Smoking and COPD are risk factors for cardiovascular disease, and the pathogenesis may involve endothelial dysfunction. We tested the hypothesis that endothelium-derived epoxyeicosatrienoic acid (EET)-mediated endothelial function is impaired in patients with COPD and that a novel soluble epoxide hydrolase inhibitor, GSK2256294, attenuates EET-mediated endothelial dysfunction in human resistance vessels both in vitro and in vivo.

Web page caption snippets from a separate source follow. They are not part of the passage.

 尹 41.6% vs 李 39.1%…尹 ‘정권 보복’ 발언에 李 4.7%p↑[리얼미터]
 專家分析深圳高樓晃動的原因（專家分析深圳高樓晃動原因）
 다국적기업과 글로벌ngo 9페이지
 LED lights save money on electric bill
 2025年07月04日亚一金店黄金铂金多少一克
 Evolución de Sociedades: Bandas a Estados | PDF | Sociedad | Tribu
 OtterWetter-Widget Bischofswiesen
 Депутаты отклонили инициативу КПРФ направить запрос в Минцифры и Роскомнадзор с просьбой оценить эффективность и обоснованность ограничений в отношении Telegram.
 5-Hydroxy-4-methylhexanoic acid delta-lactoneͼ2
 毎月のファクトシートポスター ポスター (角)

Endogenous and stimulated endothelial release of EETs was assessed in 12 patients with COPD, 11 overweight smokers, and two matched control groups, using forearm plethysmography with intraarterial infusions of fluconazole, bradykinin, and the combination. The effects of GSK2256294 on EET-mediated vasodilation in human resistance arteries were assessed in vitro and in vivo in a phase I clinical trial in healthy overweight smokers.
Compared with control groups, there was reduced vasodilation with bradykinin (P = .005), a blunted effect of fluconazole on bradykinin-induced vasodilation (P = .03), and a trend toward reduced basal EET/dihydroxyepoxyeicosatrienoic acid ratio in patients with COPD (P = .08). A similar pattern was observed in overweight smokers. In vitro, 10 μM GSK2256294 increased 11,12-EET-mediated vasodilation compared with vehicle (90% ± 4.2% vs 72.6% ± 6.2% maximal dilatation) and shifted the bradykinin half-maximal effective concentration (EC50) (–8.33 ± 0.172 logM vs –8.10 ± 0.118 logM; P = .001 for EC50). In vivo, 18 mg GSK2256294 improved the maximum bradykinin response from 338% ± 46% before a dose to 566% ± 110% after a single dose (P = .02) and to 503% ± 123% after a chronic dose (P = .003).
GSK2256294 attenuates smoking-related EET-mediated endothelial dysfunction, suggesting potential therapeutic benefits in patients with COPD.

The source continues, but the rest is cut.